• To do: Output the data below in full, byte for byte. Nothing may differ.

── Data excerpts

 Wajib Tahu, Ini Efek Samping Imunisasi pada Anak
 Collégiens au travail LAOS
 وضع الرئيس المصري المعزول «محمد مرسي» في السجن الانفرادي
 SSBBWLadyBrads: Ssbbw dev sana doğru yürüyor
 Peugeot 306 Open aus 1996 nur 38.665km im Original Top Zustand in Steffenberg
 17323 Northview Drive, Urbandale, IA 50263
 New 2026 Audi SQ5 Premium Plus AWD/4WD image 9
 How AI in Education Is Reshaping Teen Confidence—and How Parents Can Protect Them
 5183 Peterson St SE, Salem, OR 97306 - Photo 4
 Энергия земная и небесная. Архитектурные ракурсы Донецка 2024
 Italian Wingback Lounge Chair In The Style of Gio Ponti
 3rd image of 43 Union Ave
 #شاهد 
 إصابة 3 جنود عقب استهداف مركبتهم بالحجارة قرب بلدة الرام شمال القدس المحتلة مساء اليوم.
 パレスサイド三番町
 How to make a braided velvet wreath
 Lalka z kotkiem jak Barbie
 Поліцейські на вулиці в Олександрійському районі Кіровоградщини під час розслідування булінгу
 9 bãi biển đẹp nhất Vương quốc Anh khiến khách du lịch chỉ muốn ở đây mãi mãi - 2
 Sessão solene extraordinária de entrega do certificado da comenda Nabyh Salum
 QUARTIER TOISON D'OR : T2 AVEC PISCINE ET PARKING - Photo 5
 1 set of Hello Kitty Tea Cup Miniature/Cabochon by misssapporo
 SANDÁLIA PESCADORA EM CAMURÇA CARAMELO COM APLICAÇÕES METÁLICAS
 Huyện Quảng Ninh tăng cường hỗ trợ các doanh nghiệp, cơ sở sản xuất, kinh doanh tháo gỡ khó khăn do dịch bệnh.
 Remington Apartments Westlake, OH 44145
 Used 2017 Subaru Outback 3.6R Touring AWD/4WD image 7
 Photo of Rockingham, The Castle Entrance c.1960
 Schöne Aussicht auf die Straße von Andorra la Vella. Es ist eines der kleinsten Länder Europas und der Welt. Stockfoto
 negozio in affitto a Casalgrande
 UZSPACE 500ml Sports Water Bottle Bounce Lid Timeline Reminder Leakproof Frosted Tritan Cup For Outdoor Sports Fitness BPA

────

• Problem solution:
 Wajib Tahu, Ini Efek Samping Imunisasi pada Anak
 Collégiens au travail LAOS
 وضع الرئيس المصري المعزول «محمد مرسي» في السجن الانفرادي
 SSBBWLadyBrads: Ssbbw dev sana doğru yürüyor
 Peugeot 306 Open aus 1996 nur 38.665km im Original Top Zustand in Steffenberg
 17323 Northview Drive, Urbandale, IA 50263
 New 2026 Audi SQ5 Premium Plus AWD/4WD image 9
 How AI in Education Is Reshaping Teen Confidence—and How Parents Can Protect Them
 5183 Peterson St SE, Salem, OR 97306 - Photo 4
 Энергия земная и небесная. Архитектурные ракурсы Донецка 2024
 Italian Wingback Lounge Chair In The Style of Gio Ponti
 3rd image of 43 Union Ave
 #شاهد 
 إصابة 3 جنود عقب استهداف مركبتهم بالحجارة قرب بلدة الرام شمال القدس المحتلة مساء اليوم.
 パレスサイド三番町
 How to make a braided velvet wreath
 Lalka z kotkiem jak Barbie
 Поліцейські на вулиці в Олександрійському районі Кіровоградщини під час розслідування булінгу
 9 bãi biển đẹp nhất Vương quốc Anh khiến khách du lịch chỉ muốn ở đây mãi mãi - 2
 Sessão solene extraordinária de entrega do certificado da comenda Nabyh Salum
 QUARTIER TOISON D'OR : T2 AVEC PISCINE ET PARKING - Photo 5
 1 set of Hello Kitty Tea Cup Miniature/Cabochon by misssapporo
 SANDÁLIA PESCADORA EM CAMURÇA CARAMELO COM APLICAÇÕES METÁLICAS
 Huyện Quảng Ninh tăng cường hỗ trợ các doanh nghiệp, cơ sở sản xuất, kinh doanh tháo gỡ khó khăn do dịch bệnh.
 Remington Apartments Westlake, OH 44145
 Used 2017 Subaru Outback 3.6R Touring AWD/4WD image 7
 Photo of Rockingham, The Castle Entrance c.1960
 Schöne Aussicht auf die Straße von Andorra la Vella. Es ist eines der kleinsten Länder Europas und der Welt. Stockfoto
 negozio in affitto a Casalgrande
 UZSPACE 500ml Sports Water Bottle Bounce Lid Timeline Reminder Leakproof Frosted Tritan Cup For Outdoor Sports Fitness BPA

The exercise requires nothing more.